The word Time chain can be used to refer to the nature of the Bitcoin block chain as a chain of time stamped events in history. As transactions are received into the network, nodes capture and collate them into logs. These logs, or ‘blocks’, are made up of a timestamp applied to a sequential list of transactions and represent a consensus agreement of the proof of both existence and validity of all the transactions they contain.

Proof of Work is the term used when explaining the rules that decide who gets to update transactions on the Bitcoin blockchain. Put simply, in order to gain the right to update the next block of transactions, you need to provide proof that you have solved a computational challenge that is hard yet can be easily verified by the network. By doing this you provide proof that you have done the work to solve it.

Think of this like starting a jigsaw puzzle, it's hard to solve and you will make many attempts to fit the pieces but once you complete the puzzle it is very easy for it to be validated.

As new transactions are received, nodes add them into a block template which contains all the transactions they have accepted which have not been put into a valid block, and perform hash based work on a difficulty puzzle that must be solved to form a valid block. The solution represents proof that the node proposing the block has performed the work necessary for that block to be valid.

Hashing means taking an input of data of any length and transforming it in such a way that it produces a repeatable but essentially random output of a fixed length. In Bitcoin, the transactions are run through a hashing algorithm called SHA-256 which gives an output of a fixed length of 256-bits.
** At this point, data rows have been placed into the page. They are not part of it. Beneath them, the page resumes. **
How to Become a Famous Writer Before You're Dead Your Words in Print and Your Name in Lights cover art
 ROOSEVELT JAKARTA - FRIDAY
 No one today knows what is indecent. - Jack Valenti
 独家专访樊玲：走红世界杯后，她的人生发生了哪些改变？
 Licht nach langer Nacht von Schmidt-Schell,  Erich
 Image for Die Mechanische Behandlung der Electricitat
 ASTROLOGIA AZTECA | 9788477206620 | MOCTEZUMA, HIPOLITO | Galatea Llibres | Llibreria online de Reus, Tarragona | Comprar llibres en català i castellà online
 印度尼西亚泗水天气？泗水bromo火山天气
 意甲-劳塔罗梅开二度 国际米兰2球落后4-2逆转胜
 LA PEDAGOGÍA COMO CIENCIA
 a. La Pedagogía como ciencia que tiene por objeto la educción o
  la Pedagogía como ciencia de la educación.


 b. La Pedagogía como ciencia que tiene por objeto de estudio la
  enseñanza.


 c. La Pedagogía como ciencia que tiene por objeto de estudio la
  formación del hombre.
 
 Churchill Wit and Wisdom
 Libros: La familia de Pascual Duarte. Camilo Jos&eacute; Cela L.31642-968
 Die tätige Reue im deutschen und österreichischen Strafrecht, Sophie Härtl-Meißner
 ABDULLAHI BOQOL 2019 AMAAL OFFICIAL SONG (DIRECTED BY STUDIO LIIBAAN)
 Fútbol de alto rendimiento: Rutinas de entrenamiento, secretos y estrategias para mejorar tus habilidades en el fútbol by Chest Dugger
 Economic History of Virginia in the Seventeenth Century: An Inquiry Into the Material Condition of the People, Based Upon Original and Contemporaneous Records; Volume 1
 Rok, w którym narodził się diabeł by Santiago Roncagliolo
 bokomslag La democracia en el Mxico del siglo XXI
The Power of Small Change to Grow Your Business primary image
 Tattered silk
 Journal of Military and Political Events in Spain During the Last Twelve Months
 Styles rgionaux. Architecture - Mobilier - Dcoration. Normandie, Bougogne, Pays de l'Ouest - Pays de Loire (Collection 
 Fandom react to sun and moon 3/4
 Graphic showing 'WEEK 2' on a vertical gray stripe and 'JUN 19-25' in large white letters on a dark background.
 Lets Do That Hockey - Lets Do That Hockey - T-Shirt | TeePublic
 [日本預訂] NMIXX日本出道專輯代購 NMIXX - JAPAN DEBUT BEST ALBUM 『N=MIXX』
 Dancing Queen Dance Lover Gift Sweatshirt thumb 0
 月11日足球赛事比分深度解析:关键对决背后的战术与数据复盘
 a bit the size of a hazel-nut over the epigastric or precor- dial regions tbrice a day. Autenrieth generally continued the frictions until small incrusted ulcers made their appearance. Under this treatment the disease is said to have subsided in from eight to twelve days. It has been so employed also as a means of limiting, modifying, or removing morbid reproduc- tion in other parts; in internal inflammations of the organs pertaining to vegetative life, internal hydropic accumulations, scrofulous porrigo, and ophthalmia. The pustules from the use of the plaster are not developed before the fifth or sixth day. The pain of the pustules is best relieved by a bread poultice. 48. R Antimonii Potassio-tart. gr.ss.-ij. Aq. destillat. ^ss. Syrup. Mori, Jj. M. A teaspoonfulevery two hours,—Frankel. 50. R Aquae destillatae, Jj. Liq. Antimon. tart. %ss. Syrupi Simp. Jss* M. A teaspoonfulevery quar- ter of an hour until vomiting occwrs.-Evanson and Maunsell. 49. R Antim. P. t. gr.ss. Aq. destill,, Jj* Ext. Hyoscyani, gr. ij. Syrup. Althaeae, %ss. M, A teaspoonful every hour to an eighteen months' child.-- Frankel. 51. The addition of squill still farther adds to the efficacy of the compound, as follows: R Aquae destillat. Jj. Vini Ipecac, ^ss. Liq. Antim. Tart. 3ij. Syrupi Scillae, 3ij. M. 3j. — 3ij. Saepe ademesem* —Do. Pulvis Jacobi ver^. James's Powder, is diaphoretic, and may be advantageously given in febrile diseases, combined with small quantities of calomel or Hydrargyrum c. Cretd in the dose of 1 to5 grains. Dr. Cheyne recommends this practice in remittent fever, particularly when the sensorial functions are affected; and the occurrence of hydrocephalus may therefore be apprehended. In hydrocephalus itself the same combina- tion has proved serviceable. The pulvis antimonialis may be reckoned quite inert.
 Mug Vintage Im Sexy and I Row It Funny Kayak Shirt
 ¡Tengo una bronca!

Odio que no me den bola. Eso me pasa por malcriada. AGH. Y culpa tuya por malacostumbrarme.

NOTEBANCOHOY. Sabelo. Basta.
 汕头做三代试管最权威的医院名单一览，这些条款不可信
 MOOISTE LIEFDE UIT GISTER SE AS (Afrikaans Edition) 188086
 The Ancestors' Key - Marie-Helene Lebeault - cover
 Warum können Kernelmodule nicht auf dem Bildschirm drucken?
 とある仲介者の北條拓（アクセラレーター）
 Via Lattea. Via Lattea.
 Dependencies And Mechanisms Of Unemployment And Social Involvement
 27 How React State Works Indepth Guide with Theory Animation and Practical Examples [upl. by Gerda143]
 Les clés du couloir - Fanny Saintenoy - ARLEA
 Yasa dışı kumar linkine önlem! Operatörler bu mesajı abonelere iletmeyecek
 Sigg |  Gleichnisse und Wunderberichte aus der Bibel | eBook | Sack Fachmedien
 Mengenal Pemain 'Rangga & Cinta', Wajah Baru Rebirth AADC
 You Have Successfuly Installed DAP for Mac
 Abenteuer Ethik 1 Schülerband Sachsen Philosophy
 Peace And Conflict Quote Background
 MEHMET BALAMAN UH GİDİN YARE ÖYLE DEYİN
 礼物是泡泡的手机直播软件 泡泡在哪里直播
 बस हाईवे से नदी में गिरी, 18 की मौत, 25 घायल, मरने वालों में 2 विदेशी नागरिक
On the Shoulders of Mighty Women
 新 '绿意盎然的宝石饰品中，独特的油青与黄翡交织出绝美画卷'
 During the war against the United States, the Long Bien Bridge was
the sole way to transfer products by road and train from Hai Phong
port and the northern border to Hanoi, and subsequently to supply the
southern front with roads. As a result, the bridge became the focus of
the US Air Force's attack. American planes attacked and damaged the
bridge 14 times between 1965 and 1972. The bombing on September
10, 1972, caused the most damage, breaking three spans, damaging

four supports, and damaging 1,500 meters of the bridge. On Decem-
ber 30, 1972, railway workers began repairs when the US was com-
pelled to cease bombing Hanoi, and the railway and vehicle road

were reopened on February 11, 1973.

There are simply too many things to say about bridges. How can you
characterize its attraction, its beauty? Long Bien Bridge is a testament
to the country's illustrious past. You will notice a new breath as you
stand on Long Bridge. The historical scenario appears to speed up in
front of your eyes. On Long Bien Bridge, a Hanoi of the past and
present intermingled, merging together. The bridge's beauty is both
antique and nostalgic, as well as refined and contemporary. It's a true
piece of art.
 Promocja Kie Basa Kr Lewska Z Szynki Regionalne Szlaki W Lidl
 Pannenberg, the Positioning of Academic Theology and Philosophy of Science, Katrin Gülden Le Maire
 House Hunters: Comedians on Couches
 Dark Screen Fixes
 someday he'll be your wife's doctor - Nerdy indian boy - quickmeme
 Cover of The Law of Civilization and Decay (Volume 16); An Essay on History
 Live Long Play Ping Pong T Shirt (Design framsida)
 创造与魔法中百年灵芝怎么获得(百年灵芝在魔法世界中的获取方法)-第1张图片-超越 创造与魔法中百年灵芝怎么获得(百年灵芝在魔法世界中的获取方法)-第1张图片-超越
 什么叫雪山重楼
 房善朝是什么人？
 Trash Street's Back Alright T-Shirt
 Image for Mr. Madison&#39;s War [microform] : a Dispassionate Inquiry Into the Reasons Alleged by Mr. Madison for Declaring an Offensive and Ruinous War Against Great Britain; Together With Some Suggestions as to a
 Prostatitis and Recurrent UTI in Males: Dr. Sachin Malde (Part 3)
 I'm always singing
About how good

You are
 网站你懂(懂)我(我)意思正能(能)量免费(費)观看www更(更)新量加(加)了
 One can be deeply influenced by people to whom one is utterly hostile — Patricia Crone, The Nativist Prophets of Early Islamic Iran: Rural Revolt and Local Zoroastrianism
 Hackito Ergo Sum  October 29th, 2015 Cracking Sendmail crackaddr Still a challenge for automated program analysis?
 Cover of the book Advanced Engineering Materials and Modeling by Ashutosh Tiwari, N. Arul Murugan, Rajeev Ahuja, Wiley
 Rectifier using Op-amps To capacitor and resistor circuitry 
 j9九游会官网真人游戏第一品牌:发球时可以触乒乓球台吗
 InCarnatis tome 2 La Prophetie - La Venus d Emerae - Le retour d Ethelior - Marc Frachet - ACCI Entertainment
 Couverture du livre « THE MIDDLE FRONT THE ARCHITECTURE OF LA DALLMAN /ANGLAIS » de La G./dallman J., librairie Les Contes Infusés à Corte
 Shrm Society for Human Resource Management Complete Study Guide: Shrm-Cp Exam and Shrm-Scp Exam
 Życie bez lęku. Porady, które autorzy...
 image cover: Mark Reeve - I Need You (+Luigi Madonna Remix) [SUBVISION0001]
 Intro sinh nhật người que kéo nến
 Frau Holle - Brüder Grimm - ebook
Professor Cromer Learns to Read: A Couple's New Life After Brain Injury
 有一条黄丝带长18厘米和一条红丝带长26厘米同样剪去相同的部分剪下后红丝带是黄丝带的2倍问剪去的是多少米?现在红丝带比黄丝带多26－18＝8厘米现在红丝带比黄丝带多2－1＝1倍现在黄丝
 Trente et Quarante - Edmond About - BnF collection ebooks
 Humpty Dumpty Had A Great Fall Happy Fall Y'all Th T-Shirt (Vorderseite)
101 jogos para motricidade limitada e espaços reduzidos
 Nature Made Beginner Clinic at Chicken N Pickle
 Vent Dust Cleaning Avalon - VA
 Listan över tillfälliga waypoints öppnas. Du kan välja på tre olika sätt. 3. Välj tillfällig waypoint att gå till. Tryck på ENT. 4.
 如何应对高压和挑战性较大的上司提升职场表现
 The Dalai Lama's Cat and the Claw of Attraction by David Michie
In this way, anything from a short message to a large file can be hashed and the hash distributed to several parties. At any time, those parties can verify the data block by hashing it and checking that it matches the hash output they received earlier. Only the original data can be used to generate that same hash.

In Bitcoin, the nodes compete by generating as many hashes as needed to find one with the right properties. In this case a fixed length string of 64 hexadecimal characters less than a particular amount, looking something like this:

000000000019d6689c085ae165831e934ff763ae46a2a6c172b3f1b60a8ce26f

Hashes with this many leading zeros are not easy to find and represent an expenditure of energy on CPU power. Nodes compete for the right to create the next timestamp, or block, in the chain which is granted by solving this hash puzzle.

When a Bitcoin block template is being hashed, the block header contains a time stamp, a reference to the block it builds upon, a hash that represents all of the transactions in the block, a difficulty setting and a field called ‘Nonce’ or ‘number used once’. This Nonce is changed rapidly to generate new messages for the hashes being created during the proof of work process.

As the network expands, the puzzle’s difficulty is adjusted to keep the average block time as close to 10 minutes as possible. If nodes add their CPU power to the pool performing proof of work, the puzzle becomes increasingly hard to solve. Over time this means that changing blocks which have had several subsequent blocks built on top of becomes almost impossible through the accumulation of proof of work on top of them.